# Information shown
---------------

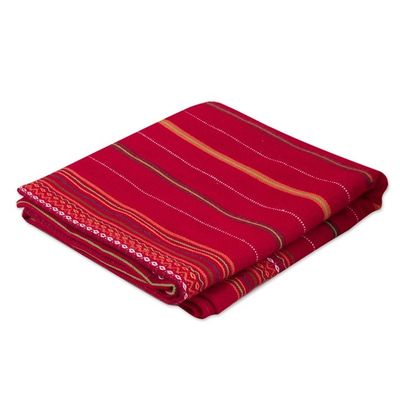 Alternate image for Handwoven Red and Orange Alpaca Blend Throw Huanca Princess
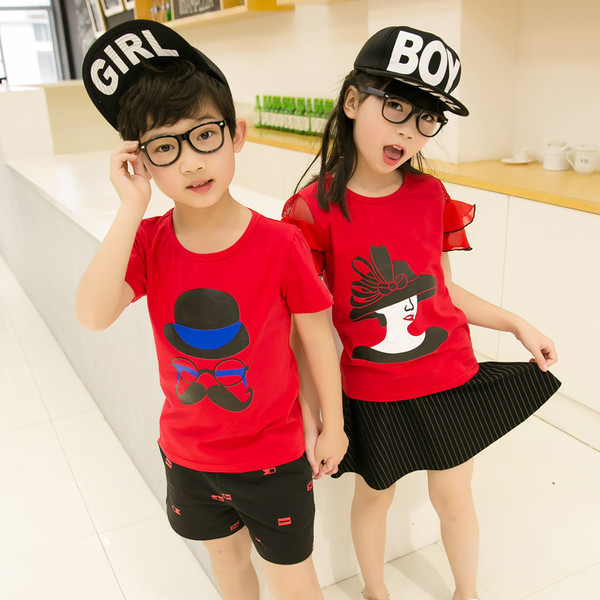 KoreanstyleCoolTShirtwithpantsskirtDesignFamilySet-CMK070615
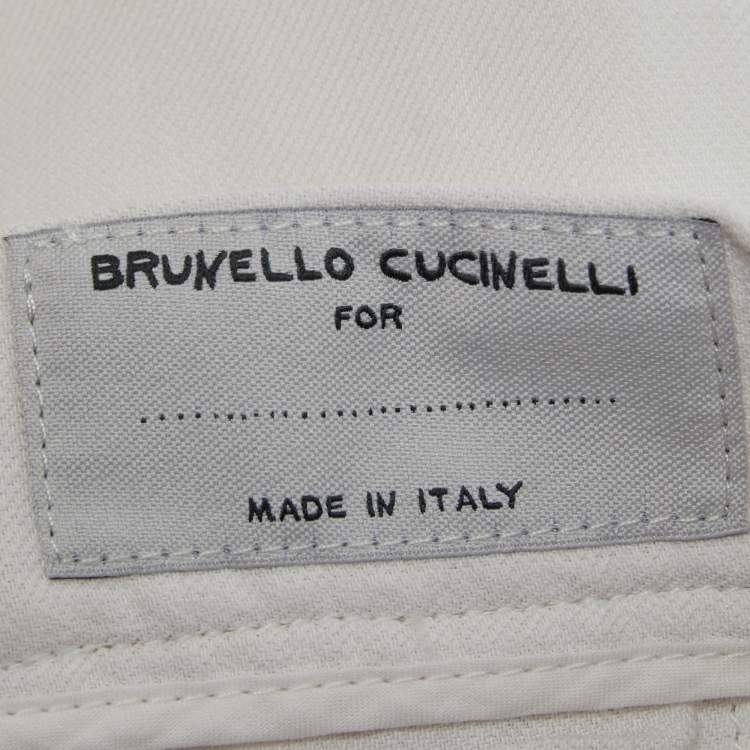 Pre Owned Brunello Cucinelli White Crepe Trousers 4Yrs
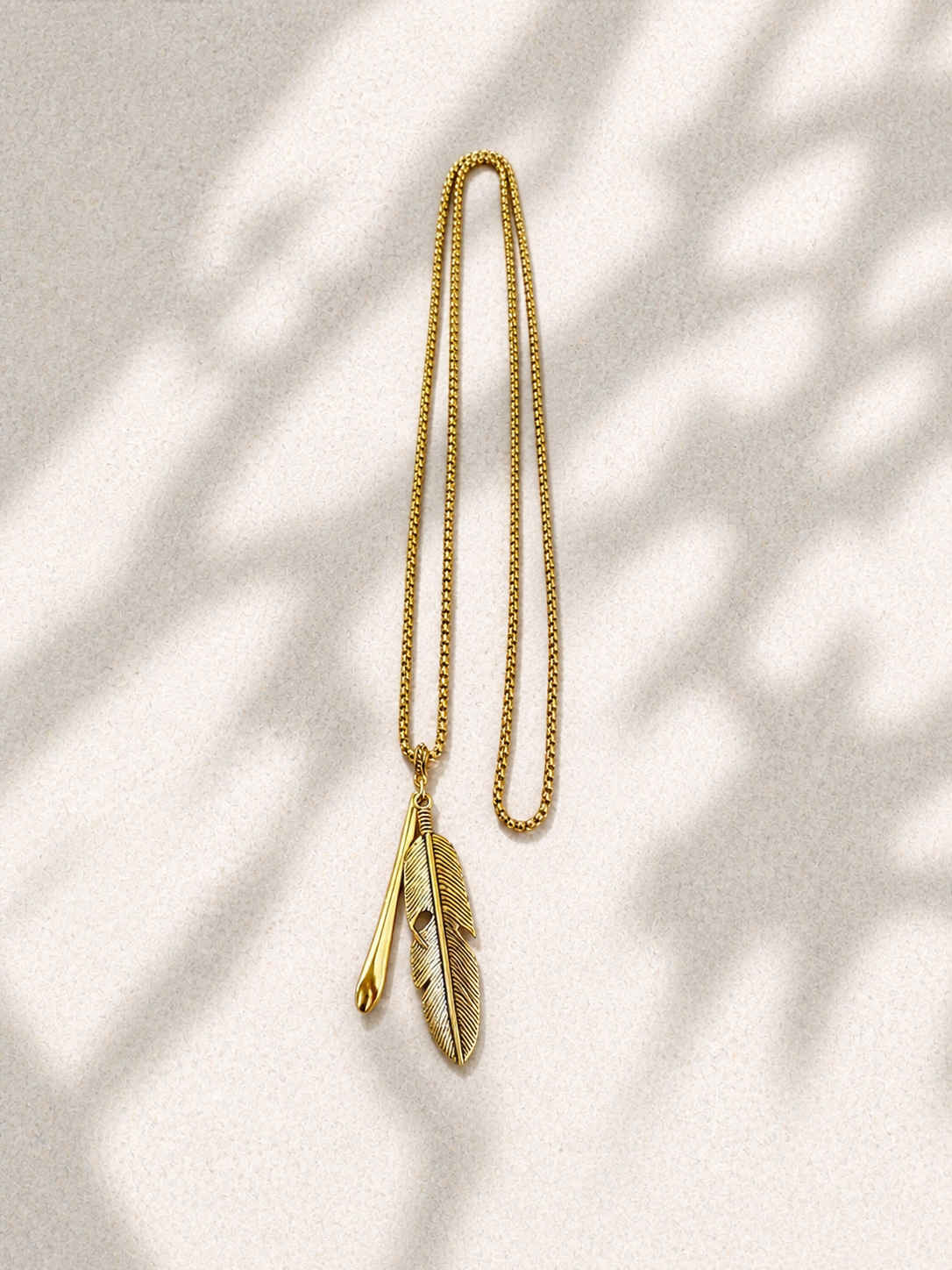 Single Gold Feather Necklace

---------------

# Work task
Go through the listing above and quote it exactly, apart from its images.

# Reply to the task
 Alternate image for Handwoven Red and Orange Alpaca Blend Throw Huanca Princess
 KoreanstyleCoolTShirtwithpantsskirtDesignFamilySet-CMK070615
 Pre Owned Brunello Cucinelli White Crepe Trousers 4Yrs
 Single Gold Feather Necklace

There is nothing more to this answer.